Stored records:

★ ★ ★

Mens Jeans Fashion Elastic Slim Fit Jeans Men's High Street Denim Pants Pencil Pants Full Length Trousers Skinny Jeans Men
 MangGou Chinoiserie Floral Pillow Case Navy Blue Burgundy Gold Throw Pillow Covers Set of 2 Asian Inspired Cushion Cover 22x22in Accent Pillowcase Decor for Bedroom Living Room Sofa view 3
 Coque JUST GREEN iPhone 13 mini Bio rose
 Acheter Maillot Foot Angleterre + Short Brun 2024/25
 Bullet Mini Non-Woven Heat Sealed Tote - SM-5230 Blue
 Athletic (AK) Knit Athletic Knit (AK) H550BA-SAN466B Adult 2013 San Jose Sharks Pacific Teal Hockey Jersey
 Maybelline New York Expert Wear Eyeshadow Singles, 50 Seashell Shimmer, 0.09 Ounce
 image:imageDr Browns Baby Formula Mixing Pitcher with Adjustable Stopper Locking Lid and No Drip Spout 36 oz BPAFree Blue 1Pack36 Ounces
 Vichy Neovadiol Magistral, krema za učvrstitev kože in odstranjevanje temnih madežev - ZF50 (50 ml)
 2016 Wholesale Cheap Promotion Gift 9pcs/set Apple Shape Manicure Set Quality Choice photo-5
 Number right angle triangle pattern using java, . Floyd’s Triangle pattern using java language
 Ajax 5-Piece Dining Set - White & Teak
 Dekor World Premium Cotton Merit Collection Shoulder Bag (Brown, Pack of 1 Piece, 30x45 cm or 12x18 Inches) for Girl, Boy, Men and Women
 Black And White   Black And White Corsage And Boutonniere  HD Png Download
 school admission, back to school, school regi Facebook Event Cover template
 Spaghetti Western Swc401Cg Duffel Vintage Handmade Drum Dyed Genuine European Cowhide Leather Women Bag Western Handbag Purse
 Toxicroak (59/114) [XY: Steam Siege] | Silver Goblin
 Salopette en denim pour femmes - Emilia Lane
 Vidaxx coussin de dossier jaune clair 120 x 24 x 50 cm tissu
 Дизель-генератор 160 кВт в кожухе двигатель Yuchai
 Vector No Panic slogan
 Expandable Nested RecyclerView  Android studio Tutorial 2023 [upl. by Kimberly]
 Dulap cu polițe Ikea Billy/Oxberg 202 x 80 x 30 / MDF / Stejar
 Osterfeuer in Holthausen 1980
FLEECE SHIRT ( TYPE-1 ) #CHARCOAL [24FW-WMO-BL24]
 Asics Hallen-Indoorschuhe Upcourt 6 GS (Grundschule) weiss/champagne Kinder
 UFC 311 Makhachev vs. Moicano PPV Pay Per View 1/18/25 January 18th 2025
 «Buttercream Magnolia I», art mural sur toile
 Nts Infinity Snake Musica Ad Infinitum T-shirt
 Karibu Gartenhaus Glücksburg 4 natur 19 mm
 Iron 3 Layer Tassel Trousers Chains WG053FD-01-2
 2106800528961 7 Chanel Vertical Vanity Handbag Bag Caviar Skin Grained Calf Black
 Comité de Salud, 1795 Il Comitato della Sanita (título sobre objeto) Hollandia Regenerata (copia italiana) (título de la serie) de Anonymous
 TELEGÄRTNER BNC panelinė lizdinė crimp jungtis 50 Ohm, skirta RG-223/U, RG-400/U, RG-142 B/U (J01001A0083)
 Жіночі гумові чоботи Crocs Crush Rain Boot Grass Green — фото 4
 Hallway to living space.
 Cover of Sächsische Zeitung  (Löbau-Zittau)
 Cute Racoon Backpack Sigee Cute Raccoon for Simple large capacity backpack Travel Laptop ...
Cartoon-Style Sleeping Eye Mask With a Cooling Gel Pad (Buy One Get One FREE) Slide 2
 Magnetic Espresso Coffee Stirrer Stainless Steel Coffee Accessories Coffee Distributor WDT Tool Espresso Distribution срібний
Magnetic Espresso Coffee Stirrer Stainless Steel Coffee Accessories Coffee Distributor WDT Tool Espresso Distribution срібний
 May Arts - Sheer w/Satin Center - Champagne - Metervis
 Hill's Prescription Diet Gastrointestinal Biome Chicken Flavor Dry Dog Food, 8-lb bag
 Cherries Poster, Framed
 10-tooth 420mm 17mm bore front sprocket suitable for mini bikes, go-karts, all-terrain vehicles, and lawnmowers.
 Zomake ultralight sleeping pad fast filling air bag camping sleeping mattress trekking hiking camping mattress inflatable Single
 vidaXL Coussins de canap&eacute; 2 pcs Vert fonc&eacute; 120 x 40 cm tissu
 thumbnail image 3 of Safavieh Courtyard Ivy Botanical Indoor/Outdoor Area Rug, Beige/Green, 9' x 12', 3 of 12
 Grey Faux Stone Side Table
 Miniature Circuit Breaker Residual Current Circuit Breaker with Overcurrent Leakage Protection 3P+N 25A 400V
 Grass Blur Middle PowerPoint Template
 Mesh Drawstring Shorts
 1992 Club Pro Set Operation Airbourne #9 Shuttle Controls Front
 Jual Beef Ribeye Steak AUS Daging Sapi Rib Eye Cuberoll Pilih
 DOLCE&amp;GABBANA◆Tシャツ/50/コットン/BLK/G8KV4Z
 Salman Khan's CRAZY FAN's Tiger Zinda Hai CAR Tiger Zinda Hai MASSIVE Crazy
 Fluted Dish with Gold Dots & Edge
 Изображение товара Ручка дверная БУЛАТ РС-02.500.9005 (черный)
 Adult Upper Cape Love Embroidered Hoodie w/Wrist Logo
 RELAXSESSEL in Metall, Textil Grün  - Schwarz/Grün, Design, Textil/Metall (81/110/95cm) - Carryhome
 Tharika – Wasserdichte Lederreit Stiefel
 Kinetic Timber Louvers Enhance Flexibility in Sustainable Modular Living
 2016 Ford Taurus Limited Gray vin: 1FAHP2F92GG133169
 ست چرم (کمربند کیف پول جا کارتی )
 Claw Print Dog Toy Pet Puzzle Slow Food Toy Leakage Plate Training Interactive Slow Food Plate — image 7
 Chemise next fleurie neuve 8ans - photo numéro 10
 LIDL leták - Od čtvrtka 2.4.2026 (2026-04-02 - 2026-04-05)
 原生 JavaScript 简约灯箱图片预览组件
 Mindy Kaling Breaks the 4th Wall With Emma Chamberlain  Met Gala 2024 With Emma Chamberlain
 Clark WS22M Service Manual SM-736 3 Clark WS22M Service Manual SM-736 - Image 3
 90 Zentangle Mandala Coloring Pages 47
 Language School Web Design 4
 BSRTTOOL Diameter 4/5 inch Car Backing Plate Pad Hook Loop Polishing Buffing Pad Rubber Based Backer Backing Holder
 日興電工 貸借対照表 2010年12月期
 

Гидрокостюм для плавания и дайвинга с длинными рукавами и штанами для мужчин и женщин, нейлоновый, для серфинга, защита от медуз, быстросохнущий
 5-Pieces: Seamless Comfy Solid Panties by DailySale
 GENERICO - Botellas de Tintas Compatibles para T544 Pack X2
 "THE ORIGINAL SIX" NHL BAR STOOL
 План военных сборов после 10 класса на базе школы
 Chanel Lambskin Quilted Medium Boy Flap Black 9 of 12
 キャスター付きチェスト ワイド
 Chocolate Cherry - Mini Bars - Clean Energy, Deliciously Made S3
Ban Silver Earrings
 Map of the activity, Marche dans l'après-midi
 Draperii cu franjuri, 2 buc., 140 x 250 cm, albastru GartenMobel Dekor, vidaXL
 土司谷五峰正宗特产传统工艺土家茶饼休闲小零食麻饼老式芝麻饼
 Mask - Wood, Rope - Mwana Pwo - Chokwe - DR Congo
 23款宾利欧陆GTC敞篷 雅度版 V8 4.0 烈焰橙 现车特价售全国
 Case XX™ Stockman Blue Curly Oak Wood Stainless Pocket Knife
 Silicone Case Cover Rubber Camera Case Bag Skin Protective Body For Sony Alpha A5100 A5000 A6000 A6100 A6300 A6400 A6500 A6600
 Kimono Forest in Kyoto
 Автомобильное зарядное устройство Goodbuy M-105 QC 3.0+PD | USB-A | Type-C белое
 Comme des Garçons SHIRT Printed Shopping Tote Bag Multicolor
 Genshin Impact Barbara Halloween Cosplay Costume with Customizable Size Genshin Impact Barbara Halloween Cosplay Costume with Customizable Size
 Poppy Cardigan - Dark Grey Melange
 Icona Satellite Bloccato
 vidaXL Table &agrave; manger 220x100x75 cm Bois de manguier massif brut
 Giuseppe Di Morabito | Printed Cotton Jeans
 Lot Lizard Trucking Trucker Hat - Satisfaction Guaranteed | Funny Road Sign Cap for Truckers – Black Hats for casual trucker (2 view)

★ ★ ★

(PROBLEM DETAILS)
Out of the data above, transcribe exactly and only the lines starting with the line that has "mural sur toile" and going on through the line that has "Iron 3 Layer", both included.

(TASK OUTPUT)
 «Buttercream Magnolia I», art mural sur toile
 Nts Infinity Snake Musica Ad Infinitum T-shirt
 Karibu Gartenhaus Glücksburg 4 natur 19 mm
 Iron 3 Layer Tassel Trousers Chains WG053FD-01-2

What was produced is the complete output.